# Trophy Water Hennies



## Shupac (Apr 17, 2005)

Took a little daytrip to the Rifle and the Trophy water Monday. The quick rundown is I found brief but intense feeding on the hendrickson emergence late in the afternoon (after two hours of bugs w/no risers) and a good spinner fall. The browns were picky about flies during the emergence--go with a low-rider of some kind. I'm putting a longer writeup on my blog.


----------



## brookid (Aug 25, 2004)

Nice read...i also read your opener report. Its interesting, i did the Keystone loop early Friday morning, walked right by your camp site because i stopped and almost took a pic of the log chair.

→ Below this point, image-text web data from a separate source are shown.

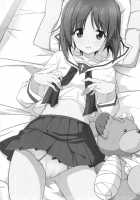 Watashi, Motto Ganbarimasu! / 私、もっと頑張ります! [Sekine Hajime] [Girls Und Panzer] Thumbnail Page 02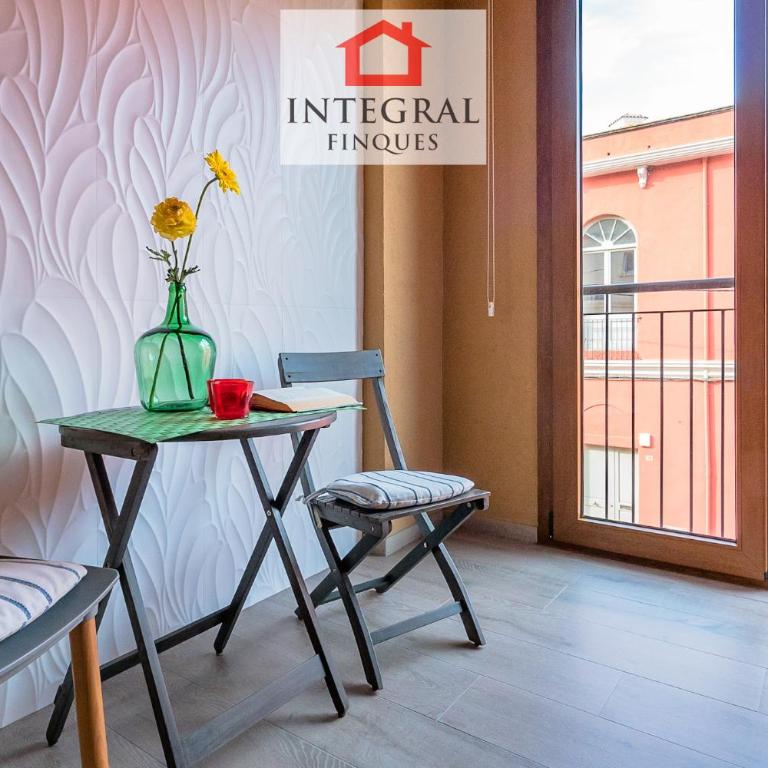 Palamós Luxe Apartments - Apartamento con balcón - 18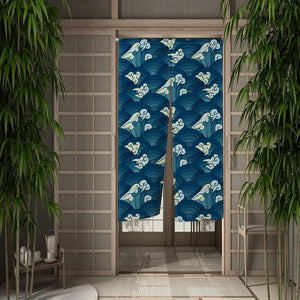 Noren Japonais 'Setoko'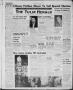 Newspaper: The Tulia Herald (Tulia, Tex), Vol. 47, No. 6, Ed. 1, Thursday, Febru…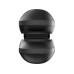 Valera Haarglätter SwissX Precisa Black Valera Haarglätter SwissX Precisa Black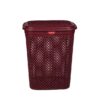 brown-colour-nexon-laundry-basket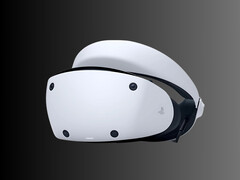 Cuffie Sony PlayStation VR2 (Fonte: Sony PlayStation)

I've often wondered how many people i pass by, speak with ect that are on the site...had i known that was you i would have dragged your *ss out of bed...the streamer bite was pretty good!


----------



## mparks (Sep 4, 2001)

Very nice!

I'd say you were pretty busy doing all that floating and driving on opening weekend. So did you have someone spot your car or stash the pontoon and walk back up to the car? I'm just wondering how that would work out with a ponton on a solo trip.


----------



## Shupac (Apr 17, 2005)

I used a shuttle service, Skip's for the opener, the Au Sable angler's in Mio this week. Though I've got a couple of spots in mind for a "stash-n-dash" outing...


----------